Mike Williams Jr. was the first musher to Aniak, the 2025 Kuskokwim 300 Sled Dog Race (K300)'s halfway point. This year, with a modified course taking mushers through Aniak Slough instead of the traditional post-Aniak Whitefish Lake loop, the checkpoint actually marks a bit more than halfway through the race.
Williams Jr. arrived with 10 dogs on the line at 5:06 a.m. on Feb. 8. He told race volunteers he planned to spend his remaining four hours of required rest time in Aniak before pushing through back down to Kalskag and Tuluksak.
Williams Jr. told KYUK’s trail reporter in Aniak that it was great to be back in Aniak after six years off from running the K300. He said that the new route through Aniak Slough worked out well, and that his time on the trail had been relatively uneventful. His lead dog Queenie had presented with some hopping in her gait, but had been looked at by vets and seemed to be doing well.
Williams Jr. fed his dogs ground beef and fat, and then had a bit of trouble getting into the community center, where the door had jammed closed.
Williams Jr. had rested for two hours in Kalskag before he headed out as the first musher on the trail to Aniak just after midnight on Saturday, Feb. 8.
Behind Williams Jr., mushers Cim Smyth, Riley Dyche, Pete Kaiser, and Hunter Keefe were within a few miles of each other as they closed in on Aniak.

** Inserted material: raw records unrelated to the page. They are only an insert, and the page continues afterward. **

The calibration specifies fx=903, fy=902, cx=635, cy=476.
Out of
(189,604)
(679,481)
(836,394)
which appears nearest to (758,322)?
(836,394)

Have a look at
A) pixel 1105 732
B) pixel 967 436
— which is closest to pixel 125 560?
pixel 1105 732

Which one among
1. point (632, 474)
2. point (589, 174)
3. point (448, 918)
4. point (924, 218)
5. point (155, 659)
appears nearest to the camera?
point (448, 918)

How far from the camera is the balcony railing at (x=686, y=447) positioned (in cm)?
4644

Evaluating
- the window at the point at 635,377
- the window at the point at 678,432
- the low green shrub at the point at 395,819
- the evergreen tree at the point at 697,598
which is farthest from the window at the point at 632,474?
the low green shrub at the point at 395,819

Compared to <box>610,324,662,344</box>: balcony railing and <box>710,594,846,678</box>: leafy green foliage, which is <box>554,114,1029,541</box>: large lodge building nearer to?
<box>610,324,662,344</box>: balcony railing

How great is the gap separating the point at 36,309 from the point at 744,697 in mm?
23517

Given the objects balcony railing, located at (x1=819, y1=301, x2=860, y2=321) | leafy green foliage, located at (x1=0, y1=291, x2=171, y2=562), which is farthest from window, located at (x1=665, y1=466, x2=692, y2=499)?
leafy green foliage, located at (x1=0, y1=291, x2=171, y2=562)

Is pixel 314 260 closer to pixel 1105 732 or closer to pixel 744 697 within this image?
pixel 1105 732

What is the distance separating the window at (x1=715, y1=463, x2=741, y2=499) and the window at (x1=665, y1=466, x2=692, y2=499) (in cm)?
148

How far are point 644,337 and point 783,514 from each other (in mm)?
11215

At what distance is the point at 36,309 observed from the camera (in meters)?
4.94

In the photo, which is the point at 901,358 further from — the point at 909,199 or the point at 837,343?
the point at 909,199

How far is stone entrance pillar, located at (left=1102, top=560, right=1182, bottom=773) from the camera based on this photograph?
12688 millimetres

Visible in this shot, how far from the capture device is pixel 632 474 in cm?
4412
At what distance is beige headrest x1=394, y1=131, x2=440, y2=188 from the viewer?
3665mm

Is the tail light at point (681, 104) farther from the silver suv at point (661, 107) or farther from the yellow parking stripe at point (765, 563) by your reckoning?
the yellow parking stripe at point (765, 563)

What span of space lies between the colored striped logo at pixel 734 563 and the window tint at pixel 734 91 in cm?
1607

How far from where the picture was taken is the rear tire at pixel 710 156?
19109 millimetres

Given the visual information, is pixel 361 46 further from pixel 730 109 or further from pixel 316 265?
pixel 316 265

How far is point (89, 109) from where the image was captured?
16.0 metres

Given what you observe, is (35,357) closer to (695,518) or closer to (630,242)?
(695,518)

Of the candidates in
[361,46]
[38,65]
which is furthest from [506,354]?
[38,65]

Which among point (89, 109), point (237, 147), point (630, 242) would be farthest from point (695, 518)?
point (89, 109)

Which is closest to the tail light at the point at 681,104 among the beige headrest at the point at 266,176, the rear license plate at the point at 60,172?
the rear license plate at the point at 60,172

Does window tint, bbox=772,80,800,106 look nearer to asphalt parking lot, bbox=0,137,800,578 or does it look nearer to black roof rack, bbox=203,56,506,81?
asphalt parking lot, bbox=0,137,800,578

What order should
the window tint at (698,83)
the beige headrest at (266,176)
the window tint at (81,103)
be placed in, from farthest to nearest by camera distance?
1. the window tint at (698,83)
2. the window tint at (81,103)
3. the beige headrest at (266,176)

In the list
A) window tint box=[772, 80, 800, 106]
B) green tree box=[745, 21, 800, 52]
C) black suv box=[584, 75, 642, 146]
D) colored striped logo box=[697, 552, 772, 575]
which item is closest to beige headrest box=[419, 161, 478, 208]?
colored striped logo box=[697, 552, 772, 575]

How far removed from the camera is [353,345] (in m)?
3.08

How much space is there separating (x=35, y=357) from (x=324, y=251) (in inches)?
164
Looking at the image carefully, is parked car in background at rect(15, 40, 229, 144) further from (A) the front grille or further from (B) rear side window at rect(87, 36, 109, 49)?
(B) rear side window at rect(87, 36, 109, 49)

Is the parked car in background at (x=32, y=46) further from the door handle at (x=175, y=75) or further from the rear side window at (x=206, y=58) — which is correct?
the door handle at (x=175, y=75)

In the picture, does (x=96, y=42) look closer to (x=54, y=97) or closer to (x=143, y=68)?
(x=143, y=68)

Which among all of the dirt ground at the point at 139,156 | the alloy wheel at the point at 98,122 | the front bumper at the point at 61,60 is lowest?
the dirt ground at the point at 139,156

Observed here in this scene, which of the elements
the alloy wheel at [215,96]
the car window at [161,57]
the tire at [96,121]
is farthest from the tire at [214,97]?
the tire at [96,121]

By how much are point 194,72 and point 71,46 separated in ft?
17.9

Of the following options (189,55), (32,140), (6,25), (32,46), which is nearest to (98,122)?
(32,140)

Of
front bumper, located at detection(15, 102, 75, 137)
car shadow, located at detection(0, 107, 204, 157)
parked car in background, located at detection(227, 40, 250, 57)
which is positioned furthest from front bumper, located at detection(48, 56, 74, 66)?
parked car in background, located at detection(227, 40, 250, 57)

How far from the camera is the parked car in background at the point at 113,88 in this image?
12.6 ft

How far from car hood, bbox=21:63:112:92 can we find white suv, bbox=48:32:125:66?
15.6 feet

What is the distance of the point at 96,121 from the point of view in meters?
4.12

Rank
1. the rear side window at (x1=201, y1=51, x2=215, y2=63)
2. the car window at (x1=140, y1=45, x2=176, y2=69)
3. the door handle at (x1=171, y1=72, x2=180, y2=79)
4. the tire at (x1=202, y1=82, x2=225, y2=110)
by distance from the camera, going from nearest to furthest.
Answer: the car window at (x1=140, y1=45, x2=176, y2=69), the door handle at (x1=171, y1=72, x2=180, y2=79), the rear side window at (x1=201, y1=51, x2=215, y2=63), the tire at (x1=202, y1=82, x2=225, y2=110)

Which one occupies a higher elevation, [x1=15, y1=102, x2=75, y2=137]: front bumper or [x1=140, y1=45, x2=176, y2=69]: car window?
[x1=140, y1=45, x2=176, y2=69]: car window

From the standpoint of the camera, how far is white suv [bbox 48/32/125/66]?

Dyche, of Big Lake, was the first to both the Tuluksak and Kalskag outbound checkpoints, and had set off for the Aniak checkpoint just before 1 a.m. on Feb. 8 after resting three hours in Kalskag.
Mushers are required to take a total of 10 hours of rest during the K300: six of the hours split at their discretion between the outbound Kalskag, Aniak, and inbound Kalskag checkpoints, as well as four hours in Tuluksak before the final 50 miles of the race.